:: EXERCISE INPUT ::

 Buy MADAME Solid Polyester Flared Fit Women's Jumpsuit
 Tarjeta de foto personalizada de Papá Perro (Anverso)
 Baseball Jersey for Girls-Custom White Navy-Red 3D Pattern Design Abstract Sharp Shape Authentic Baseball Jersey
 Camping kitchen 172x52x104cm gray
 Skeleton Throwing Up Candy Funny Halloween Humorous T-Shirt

:::
:: EXERCISE INPUT ::

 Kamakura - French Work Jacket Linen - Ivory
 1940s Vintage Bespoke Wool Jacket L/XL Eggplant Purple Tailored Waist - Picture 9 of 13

:::
:: EXERCISE INPUT ::

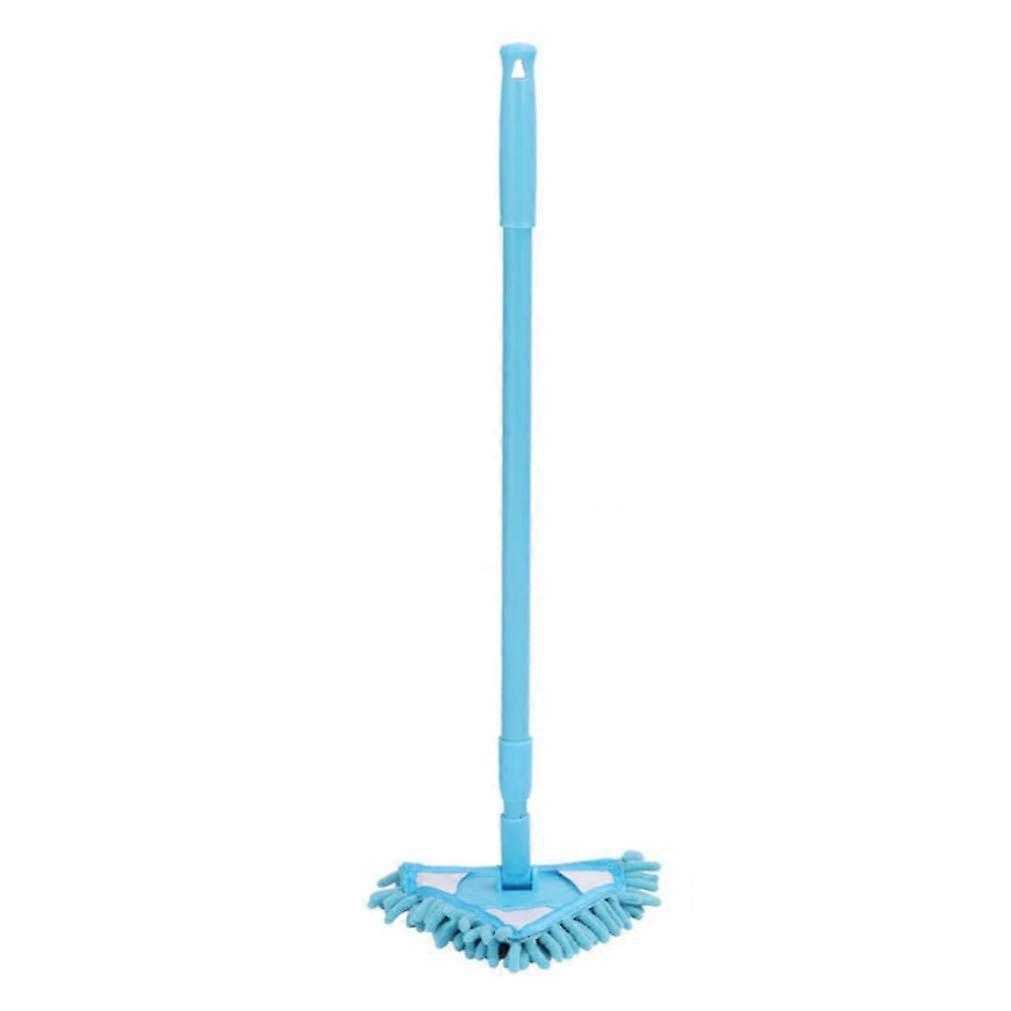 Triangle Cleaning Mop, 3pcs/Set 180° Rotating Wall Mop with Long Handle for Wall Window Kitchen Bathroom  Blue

:::

■ **WORK REQUIRED**:
Looking at the records above, how many of their lines carry the string "Jacket"? Answer with the number and nothing else.

■ **THE ANSWER**:
2